START RECORDS FOR PROCESSING
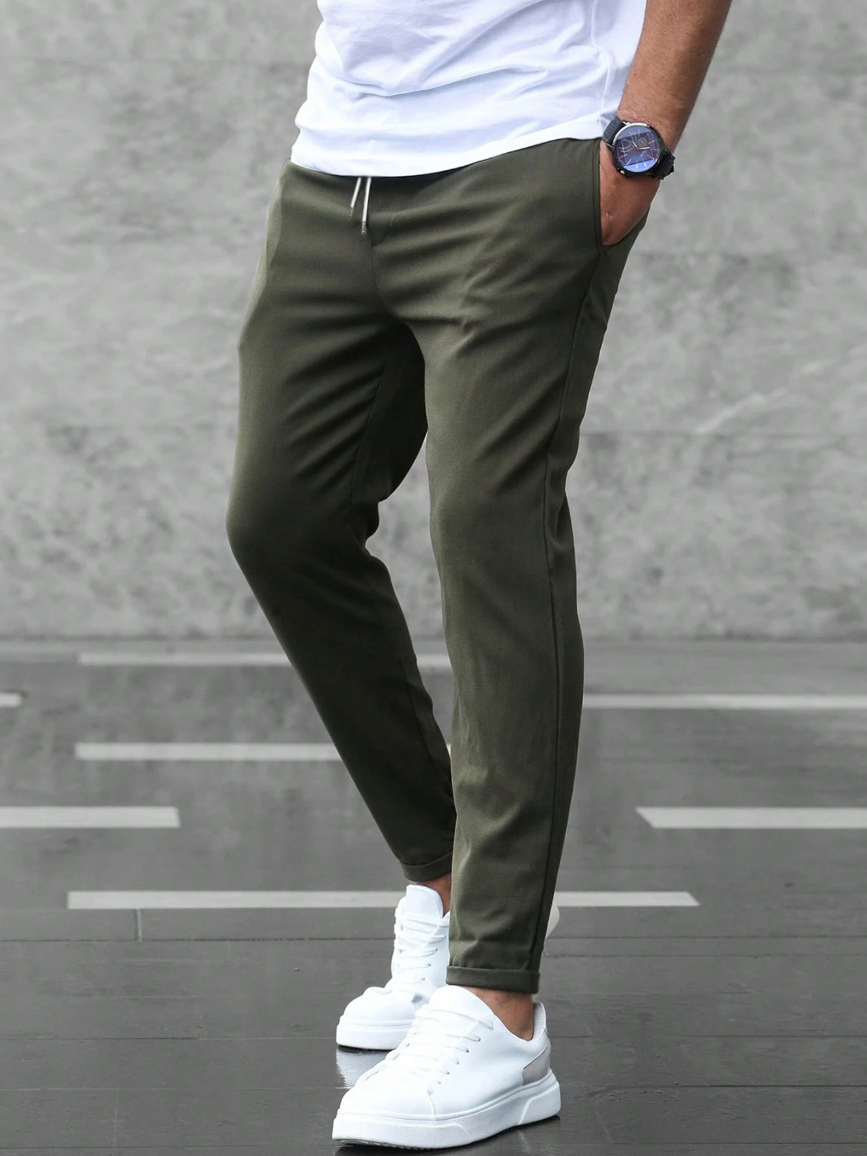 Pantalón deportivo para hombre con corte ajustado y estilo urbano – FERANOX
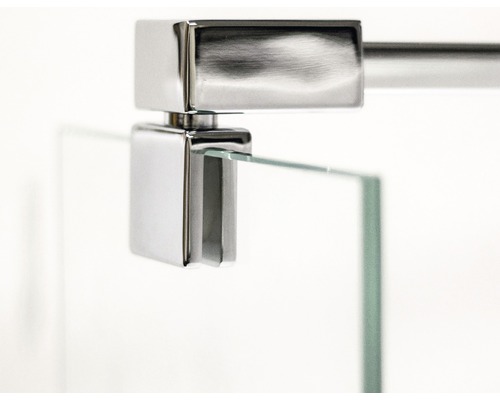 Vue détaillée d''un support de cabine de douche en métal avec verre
END RECORDS FOR PROCESSING
START RECORDS FOR PROCESSING
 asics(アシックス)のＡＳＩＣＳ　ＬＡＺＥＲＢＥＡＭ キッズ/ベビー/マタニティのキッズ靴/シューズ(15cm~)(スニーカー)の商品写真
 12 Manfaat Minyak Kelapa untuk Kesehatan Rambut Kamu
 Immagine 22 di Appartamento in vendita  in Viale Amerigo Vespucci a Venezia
END RECORDS FOR PROCESSING
• [REQUIREMENT]
In the listing above, find the line with "asics(アシックス)のＡ" and the line with "Immagine 22 di"; set down exactly those two lines and every line between them, nothing more.

• [OUTPUT OF THE TASK]
 asics(アシックス)のＡＳＩＣＳ　ＬＡＺＥＲＢＥＡＭ キッズ/ベビー/マタニティのキッズ靴/シューズ(15cm~)(スニーカー)の商品写真
 12 Manfaat Minyak Kelapa untuk Kesehatan Rambut Kamu
 Immagine 22 di Appartamento in vendita  in Viale Amerigo Vespucci a Venezia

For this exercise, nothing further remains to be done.